Calculators, pocket calculators came to be in the early 70s and today are nowhere near as popular thanks the abundance of smartphone calculators, as of writing this article, iPads still don’t have a first party calculator app.

Flashlights, no need for a torch these days, your humble mobile phone flash can do the trick for you. Fun fact, early on in iPhone days a third party app was required to activate the cameras flash.

FM Radios, early smartphones included FM receivers, although today the technology is either not utilised or not included in phones these days. Mobile audio streaming video technologies such as ice-cast or streaming apps like Tunein are far superior.

IPods, before iPhone people carried iPods, in 2009 I received my first smartphone and iPhone 3GS which featured a built in music player that you could sync your music from iTines, making my then iPod Shuffle obsolete.

Phone directories, remember those? – large yellow and white papered books which landed on your doorstep, complete with local business information and peoples landline numbers!

Landline phones, I don’t consider myself that old, however I still remember my nerdy excitement to have a DECT cordless phone in my bedroom, connected to a shared line. – crazy to think landlines today are more uncommon and a relic of the past for most homes.

Digital cameras, they say the best camera is the one you have with you, and in todays world you always have your smartphone with you, the reality is this, your more likely to take those birthday photos on your phone than a dedicated camera.

Home video cameras, gone of the days of carrying dedicated home movie cameras, I can remember begging to use the families as a small child, then the excitement of receiving my very own, tape based handycam, and the restraints of rechargeable batteries and limited length of tape.

Sound recorders, no more pocket audio recorders, whilst still produced, i as a consumer or even a journalist can’t see a need for one, the voice recorder app on a phone does exactly what you need, all with the added benefit of technologies like the ability to skip silence, and automatic audio transcribing.

Notebooks, yep, whether that’s a lined paper or a journal, chances are you are probably more likely too pull out your notes app to take down those all important notes, and why not, physical paper doesn’t automatically sync, have spellcheck and allow you to drop links and other media into it.
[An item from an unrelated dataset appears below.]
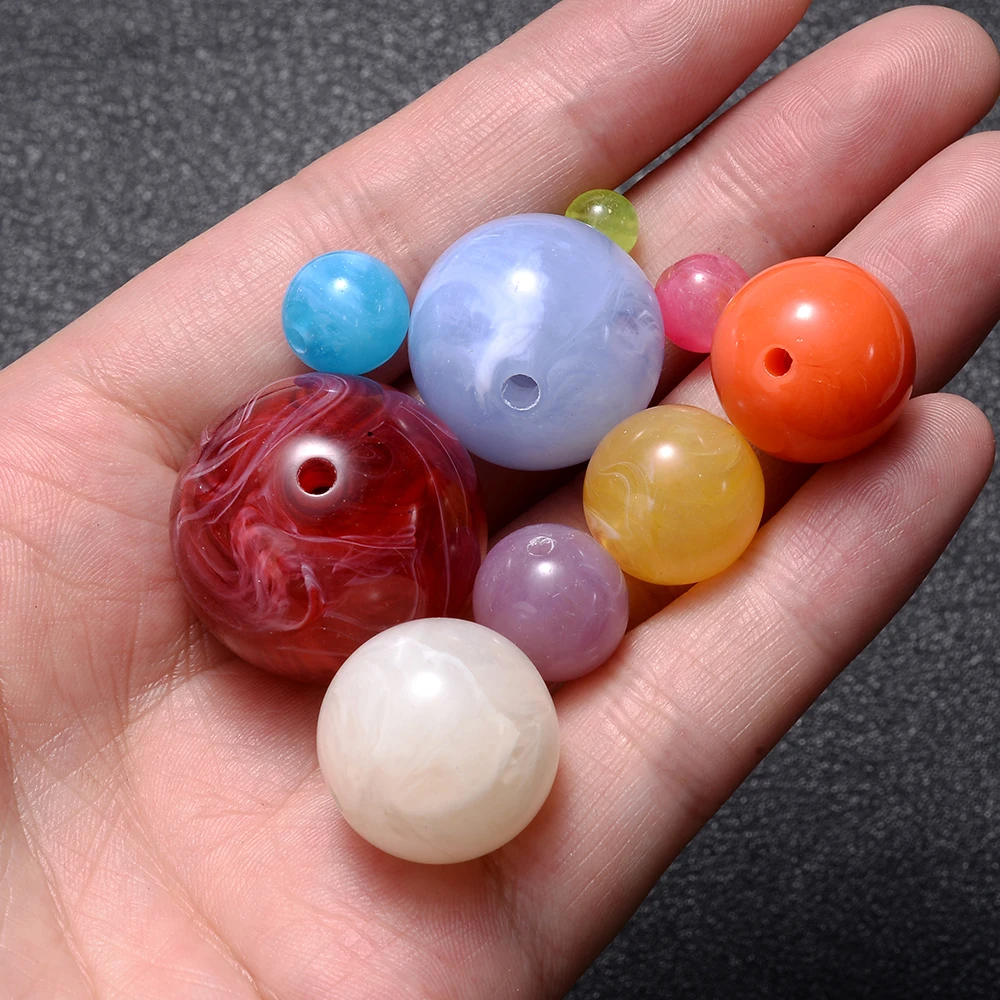 6-18mm Gradient Acrylic Beads Round Cat's Eye Loose Spacer Beads For Jewelry Making Diy Handmade Bracelet Necklace Accessories acrylic beads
Compass, not so popular now, perhaps the hype wore off, but in 2009 to have a built in compass on your phone felt advanced, these days the compass function helps us with our maps apps to give us directions and adjust the maps orientation.
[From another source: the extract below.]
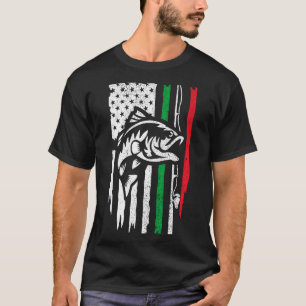 Camiseta Bandeira de Pesca Italiana Americana para Pescador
Light meters, yes believe it or not, your smartphone does have a light meter built in, it’s used to adjust the screen brightness automatically.
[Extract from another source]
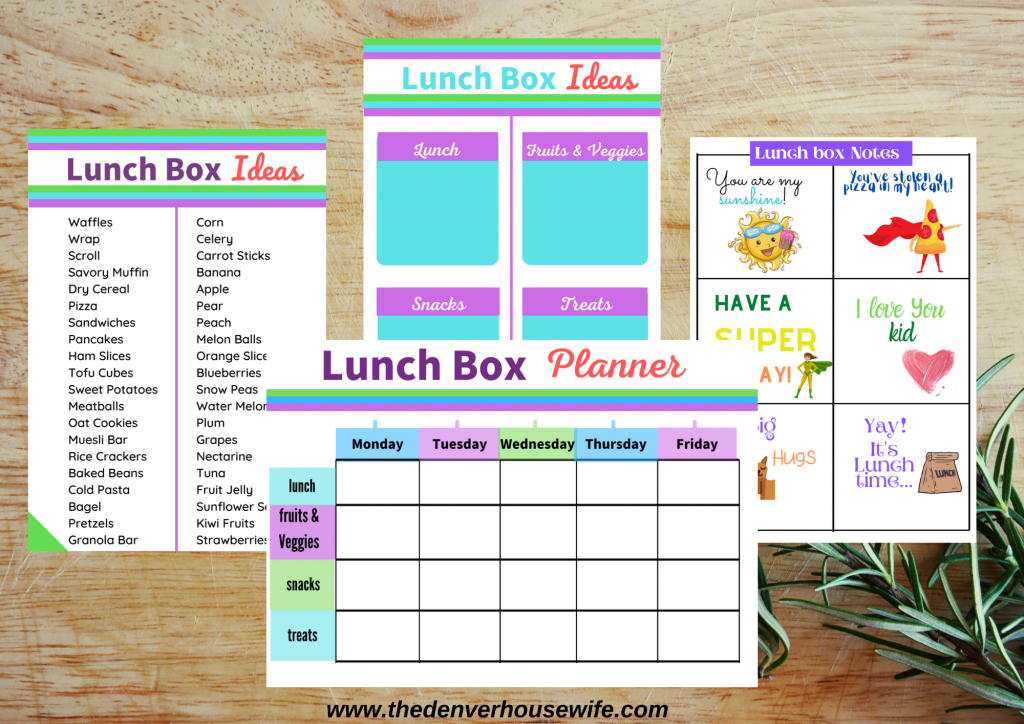 Free Lunchbox planner  for kids with printable + notes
• Atlas, gone are the maps and the spinning globes, we call that Google Maps now!

Alarm clocks, I can’t remember when I last had an alarm clock by the bedside, the smartphone replaced the need for most people.

Physical stopwatches, who needs a physical stopwatch hanging from your neck when it’s built into the clock app on your smartphone?

Newspapers, all delivered now via digital channels like the built in news app included on iOS.

• Contact books, yes, phone numbers no longer live in your Dex.

Visits to the ATM or branch for account balances.

Physical calendars. – this one, maybe computers helped with this, let’s just say the printed calendar was on deaths door already, but thanks to syncing calendars and automatic event invites, the only time I’ll see a printed calendar is above the toilet, that the local pharmacy begged me to take home because it’s covered in their branding.

Physical photo albums. – this one is sad, but true, photos spend more time locked in virtual photo albums if not feeds, never to be seen again, however features like geolocation information, and on device scanning had let us make our photos searchable and findable in ways we never could have imagined.